Ante o susto de Eduardo o homem não disse nada, era mudo, apenas entregou-lhe um folheto. No folheto pode ler: “SAIA DA MATRIX EM MEIA HORA! – INSIGHT GRÁTIS!” – Av. Paulista, 1455 – 11º andar – sala 111 – Centro. “Bem, já que é de graça, não custa ir ver, nem que seja a última coisa que eu faça”. Não estava longe, caminhou meia hora e chegou. Um belo prédio. Pegou o elevador e desceu no 11º andar e se dirigiu à sala 111. Uma moça, vestida de esqueleto, o atendeu, indicando uma poltrona. Ali havia umas quinze pessoas. Uma grande porta preta, fechada, dava acesso a um outro cômodo. Não demorou, e um homem também vestido de esqueleto, abrindo a porta preta, pediu para que entrassem. O local era escuro e iluminado por velas negras. No chão, sobre o carpete, havia algumas urnas funerárias. Algumas pessoas, ao vê-las, saíram dali. Eduardo, não tinha nada a perder, ficou.
- Se querem SER entrem nos caixões! – disse o homem, em tom imperativo. - Todos os seus problemas serão dissolvidos, porque eles não existem!

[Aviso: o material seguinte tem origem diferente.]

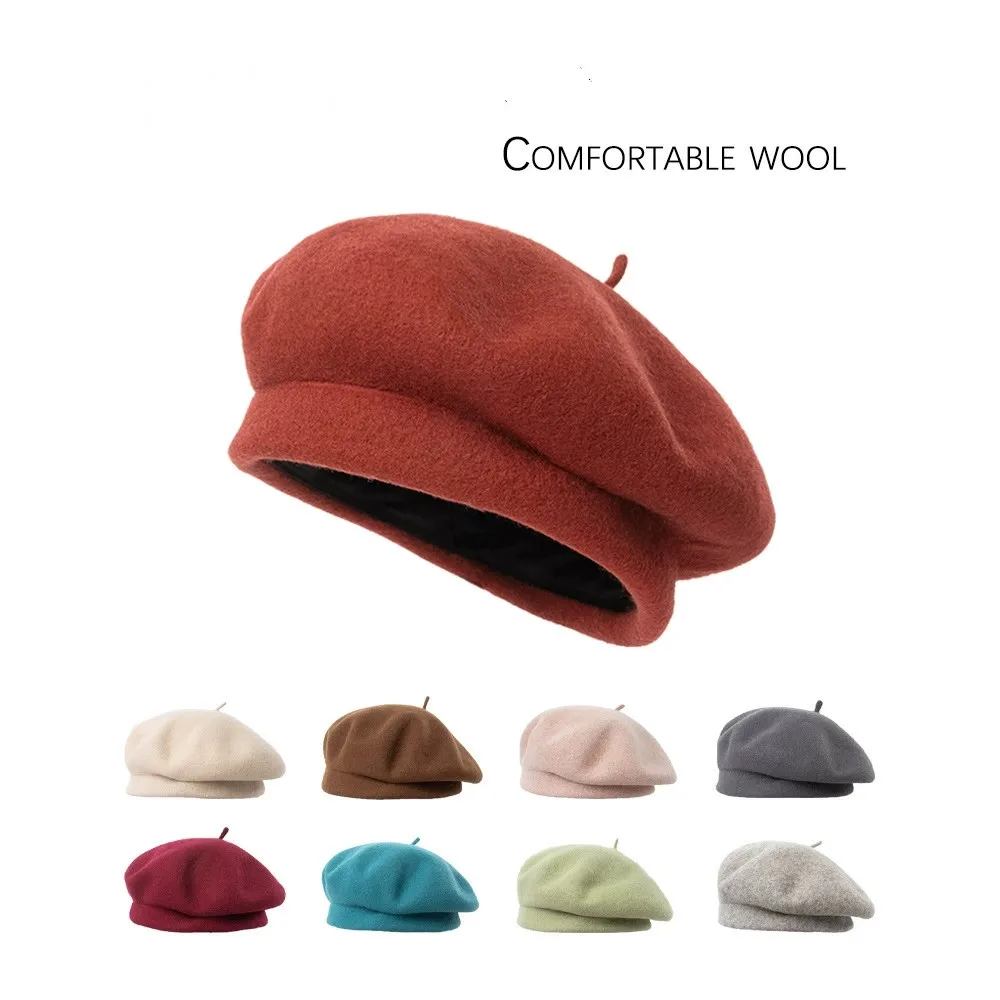 

Осенне-зимняя модная повседневная трехмерная шляпа художника с глубокими полями, 90% берет, женские теплые шапки с грибами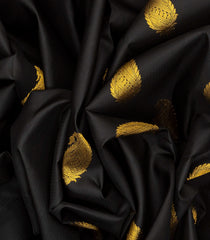 Black Handloom Kanchipuram Silk Saree With Mango Buttas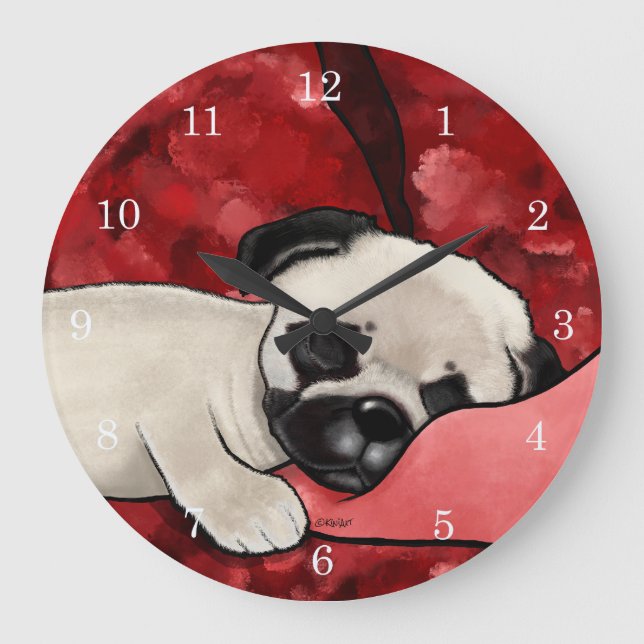 Reloj Redondo Grande Sleepy Pug Puppy (Anverso)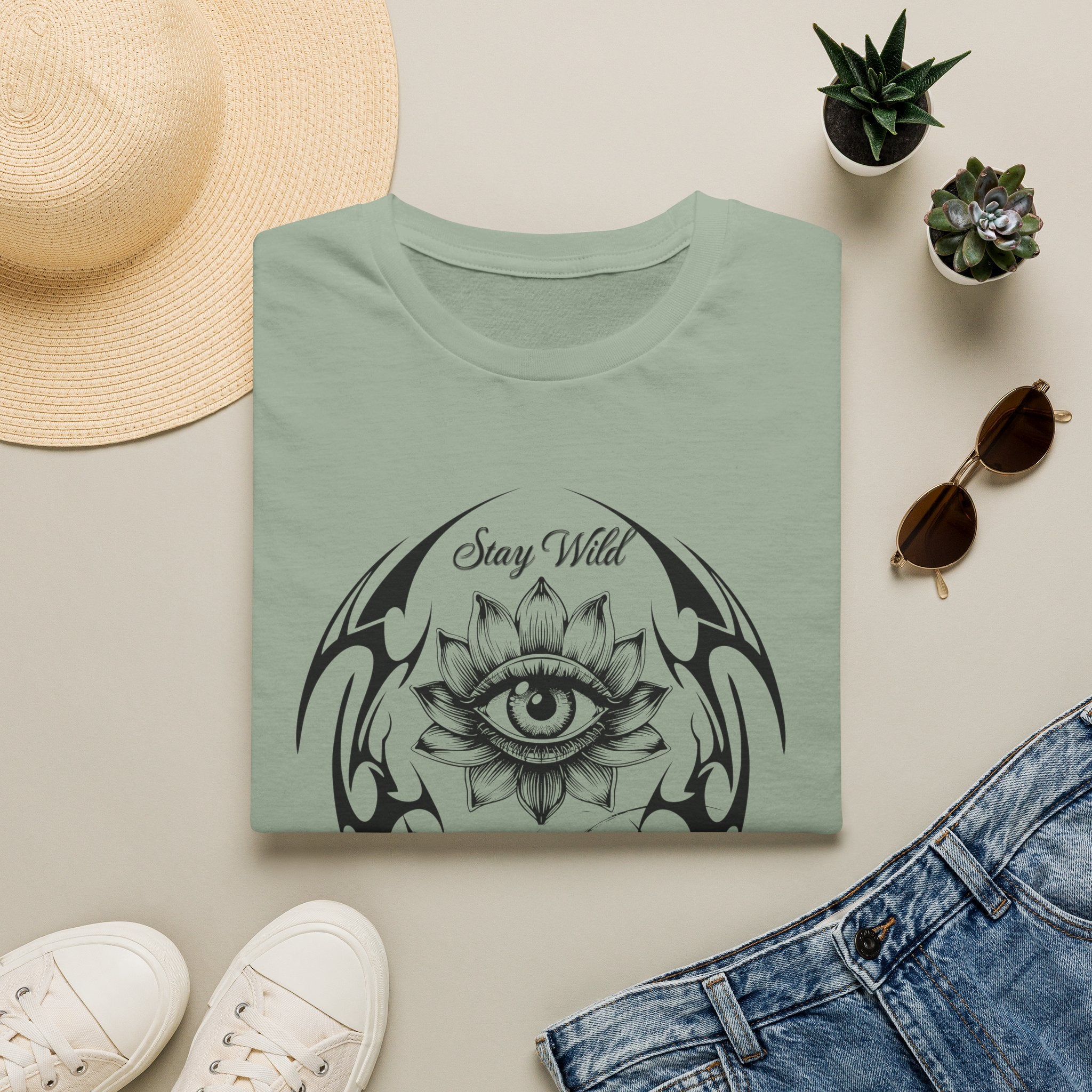 Midnight Eye Graphic T-Shirt — Mystical Lotus All - Seeing Eye Tee - Streetwear T-Shirt - Midnight Eye, LLC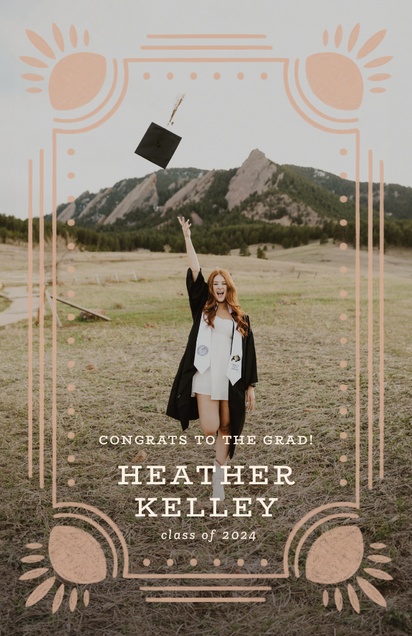 A full bleed photo grad black pink design for Graduation Announcements with 1 uploads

Umas cinco pessoas entraram, cada qual em um caixão. Eduardo entrou, deitou-se e a tampa foi lacrada. Havia ar ali, ainda bem. Um som estranho foi ligado dentro de cada caixão. Parecia um motor de caminhão que roncava lentamente, mas depois o som foi subindo, subindo e Eduardo “apagou”. Ao dar por si, viu que estava num local onde uma luz branca e brilhante reinava. Só havia ele ali, aquela luz diamante e brumas. A paz reinava, não sentiu medo. A ansiedade e a vontade de “sumir” desaparecera. Acreditou que estava morto. De certo modo era verdade, não tinha vontade de voltar. Não conseguia pensar ali. Só paz, luz e uma sensação de eterna harmonia e felicidade. Num instante aquilo acabou; ouviu o som de motor novamente, a tampa do caixão foi aberta. Ele saiu, ainda zonzo.
- Muito bem! Agora, se puderem e se sentirem gratificados, deixem sua contribuição na saída! – Gritou o homem-esqueleto. – O Segredo é: Não é o que acontece que destrói ou constrói uma pessoa, mas sim, a sua reação mental ao fato. – Não se identifiquem com os pensamentos! São eles que “poluem” o seu rio interior... Observem o observador! DESAPEGUEM-SE! NADA ACONTECE FORA, MAS DENTRO!
Eduardo saiu, feliz, um riso estampado no rosto. Não tinha um centavo no bolso, deixou o relógio. O homem-esqueleto fez-lhe uma reverência com a cabeça, e ele saiu, caminhando sob o sol, leve, como se caminhasse sobre ovos. Voltou para casa, para Rosa e as crianças, sabedor que agora estaria no “sistema” mas, ao mesmo tempo, não faria parte dele. Emancipara a sua alma. Era, agora, dono de si mesmo e de seus pensamentos e, feliz, começou a assobiar uma canção antiga. O refrão dessa canção dizia, mais ou menos assim: Que mundo maravilhoso!